A Escolha do Jorge: “Raparigas da Província”


“Raparigas da Província”
Edna O’Brien
(Relógio D’Água)

“«Vou estoirar com esta cidade», disse ela e falava a sério, naquela primeira noite em Dublin.” 
(p. 162)

Nascida na Irlanda em 1930 e com mais de 40 obras publicadas, Edna O’Brien é uma das mais prestigiadas escritoras de língua inglesa juntando-se a nomes como James Joyce e Frank O’Connor.
São várias as suas obras de referência, mas é com a trilogia “Country Girls – Raparigas de Província”, os seus primeiros três romances, que Edna O’Brien dá os primeiros passos no mundo das letras, tendo de imediato um impacto negativo perante a sociedade e a Igreja, na medida em que durante vários anos os seus livros foram censurados.

Edna O’Brien põe o dedo na ferida em inúmeros aspectos da sociedade irlandesa e, neste caso em concreto, reportando-se à década de 50, em que predominava o mundo rural em oposição às cidades e o peso da Igreja com a noção de pecado sempre na boca e no pensamento das pessoas e a necessidade de redenção. O retrato das pequenas comunidades com o seu típico “diz-que-diz” em que num ápice, qualquer pessoa, mas em especial as mulheres, caem nas bocas do mundo e rapidamente em desgraça em oposição a uma sociedade dominada por homens que se vingam na bebida e na violência doméstica por ser uma espécie de ‘modus vivendi’ que se instituiu ao longo dos tempos, daí tolerado e aceite pelos demais habitantes.

“Raparigas da Província” retrata assim esta dura realidade fechada sobre si própria que encara Dublin como a grande miragem, nesta oposição campo-cidade, mas também clausura versus liberdade.
Duas jovens adolescentes, Baba e Cait, ansiosas por sair da vila e das suas rotinas, acabam por frequentar um convento a fim de concluírem estudos.

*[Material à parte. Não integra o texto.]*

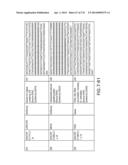 Colon Cancer Gene Expression Signatures and Methods of Use diagram and image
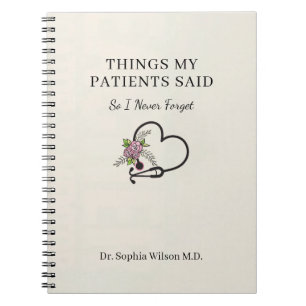 Things My Patients Said Funny Doctor Personalised  Notebook
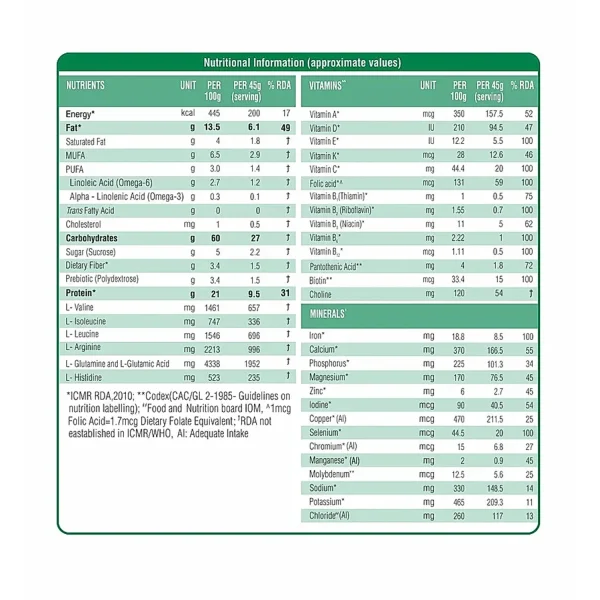 whey concentrate protein powder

As rotinas duras impostas pelas religiosas transformam Baba e Cait numa espécie de balão à espera de rebentar, tentando, tudo por tudo, para serem expulsas rumo à sua emancipação em Dublin.

Baba é mais arisca, mais irreverente e a mais inconsequente das amigas, ao contrário de Cait, mais simples e fortemente ligada ao Catolicismo e às suas tradições, vivendo frequentemente com a ideia de estar a cometer algum pecado, tendo de modo permanente a imagem da sua mãe falecida como referência face à distinção entre a ideia de bem e de mal. Até os seus impulsos são mais recatados, não vá algo de mal desabar sobre a sua cabeça e sobre o seu futuro. “«Mas o que nós queremos é rapazes. Aventuras românticas. Amor e essas coisas», disse eu, desalentada. Imaginava-me debaixo de um candeeiro de rua à chuva, com o cabelo solto em desordem e os lábios em suspenso, a aguardar o milagre de um beijo. Um beijo. Nada mais. A minha imaginação não ia mais além. Receava fazê-lo. A mamã protestara com angústia ao longo daqueles anos tempestuosos. Mas os beijos eram lindos. Os beijos dele. Na boca, nas pálpebras e no pescoço, quando levantava a juba do meu cabelo.” (p. 176)

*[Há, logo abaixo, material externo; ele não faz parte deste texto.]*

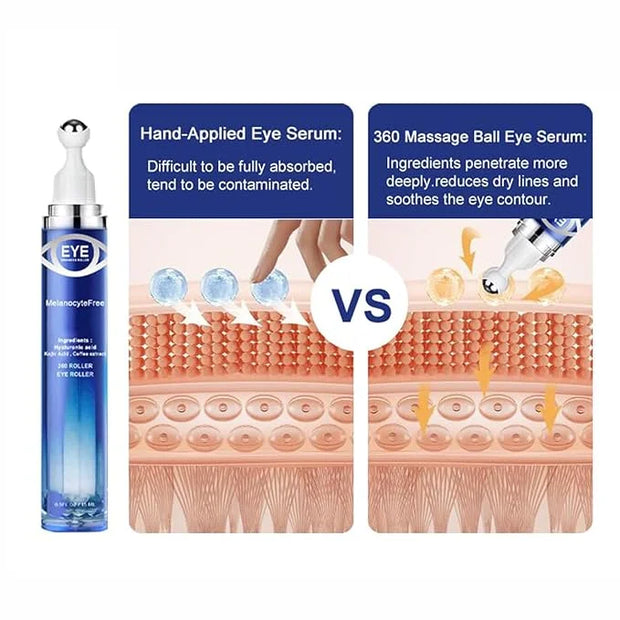 5% Caffeine Eye Serum Anti Aging, Eye Serum with Acid Niacinamide peptides for Puffy Eye Bags Fine Lines Dark Circles Wrin...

A escrita de Edna O’Brien é fluida a par de ser contagiante e electrizante. A leitura provoca uma estranha sensação de se quebrar ou rebentar algo dentro de nós no que concerne às estruturas emocionais, quer pela narrativa, sempre empolgante, mas também pela beleza da escrita que nos cativa desde a primeira à ultima página. Edna O’Brien tem um sentido de humor refinadíssimo e o recurso a metáforas é notável, sem nunca cair no grosseiro ou no banal.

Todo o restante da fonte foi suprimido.